Eric Nehr a rencontré ces individus marginalisés — bambins à la pâleur lunaire, aux yeux d’océan et aux cheveux de paille, hommes à la peau rose et aux yeux marrons, fillettes noires aux paupières, cils et sourcils de neige —, et les a immortalisés dans des mises en scène soignées.
Les enfants posent tels des statues grecques, des angelots virginaux d’un autre monde, métaphores de la douceur de ceux qui ne comprennent pas encore la violence du monde. Les adultes, quant à eux, affichent un «regard-caméra», apanage de ceux qui sont conscients d’être photographiés ou filmés.
Ce pictorialiste dans le traitement du portrait peut être quelque peu embarrassant bien que, d’une part, l’on comprenne bien le respect qui préside à cette décision esthétique et que, d’autre part, la qualité plastique des photographies soit indéniable.
Mais la mise en scène fortement décontextualisante et l’esthétisation de ces personnes les placent en retrait d’une réalité — en retrait de l’espace et du temps. Eric Nehr opère presque une divinisation des albinos d’Afrique et d’Amérique latine qui pourrait être gênante dans la mesure où ces individus sont déjà mis au ban d’une société qui ne les intègre pas, que ce soit malveillant ou non.
Certes, le portrait en buste sur fond coloré est un procédé récurrent chez Eric Nehr. Mais cette posture est-elle pertinente pour tous les sujets photographiés?
Ce systématisme du gros plan fait des objets ainsi photographiés des entités hors du temps et de l’espace et crée de «l’image-affection», ainsi que l’affirme Gilles Deleuze.

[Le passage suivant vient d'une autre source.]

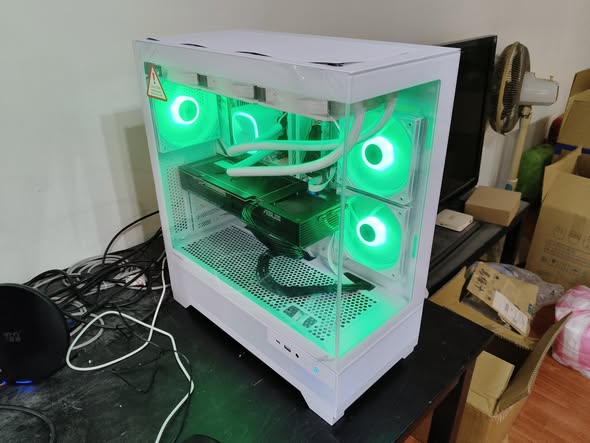 Antec CX700 ARGB 白色全景機殼綠色 RGB 實機照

C’est pourquoi le regardeur manifeste d’emblée de l’empathie pour les personnes photographiées par Eric Nehr. En outre, il y a quelque chose de profondément touchant dans la façon dont ces gens se laissent photographier et présentent leur visage, à nu.

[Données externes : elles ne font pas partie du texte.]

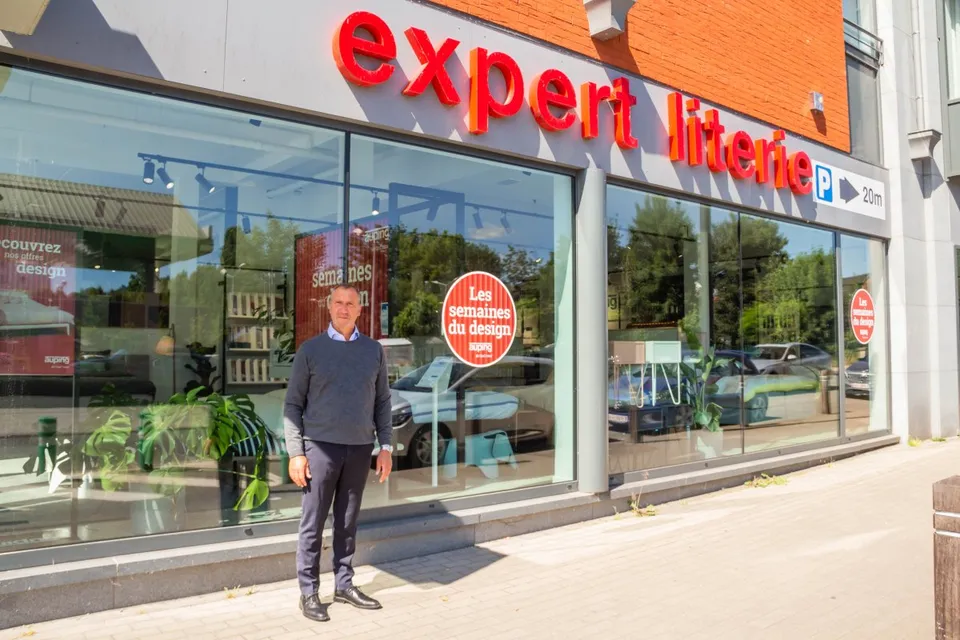 Jean-Philippe Semal, Beobank-klant, voor zijn speciaalzaak in bedden en slaapcomfort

Mais qu’il annihile la couleur blanche incriminée dans une autre couleur ou qu’il la mette au contraire en valeur en utilisant un fond coloré, Eric Nehr utilise des procédés qui ne font que nous rappeler la couleur de la peau de ces personnes.
D’un point de vue documentaire, on peut regretter que de ces rencontres ne soient pas nés des voix, des récits de vie, des témoignages qui auraient pu nous aider à transpercer la superficie des visages. Car que nous apprennent ces photographies sur la condition des albinos en Afrique et en Amérique du sud?
L’on se heurte sans cesse à la surface glacée de ces clichés parfaits sans parvenir à saisir des humanités, restant cantonné à la beauté étrange des visages, ces mêmes visages qui valent à ces personnes d’être discriminées…
Å’uvres
— Eric Nehr, Abdel Nasser et Oscarine #1, 2010. Tirage jet d’encre sur papier japonais gampi. 40 x 62 cm
— Eric Nehr, Johana, 2010. Tirage jet d’encre sur papier baryté encadré sous marie-louise. 35 x 35 cm (avec cadre)
— Eric Nehr, Blandine #2, 2010. Tirage jet d’encre sur papier baryté encadré sous marie-louise. 49,5 x 45 cm (avec cadre)
— Eric Nehr, Dominique #3, 2010. Tirage jet d’encre sur papier japonais gampi. 59 x 52 cm
— Eric Nehr, Océane, 2010. Tirage jet d’encre sur papier japonais gampi. 51 x 45 cm
— Eric Nehr, Génarina, 2010. Tirage jet d’encre sur papier hahnemuehle encadré sous marie-louise. 39 x 35 cm (avec cadre)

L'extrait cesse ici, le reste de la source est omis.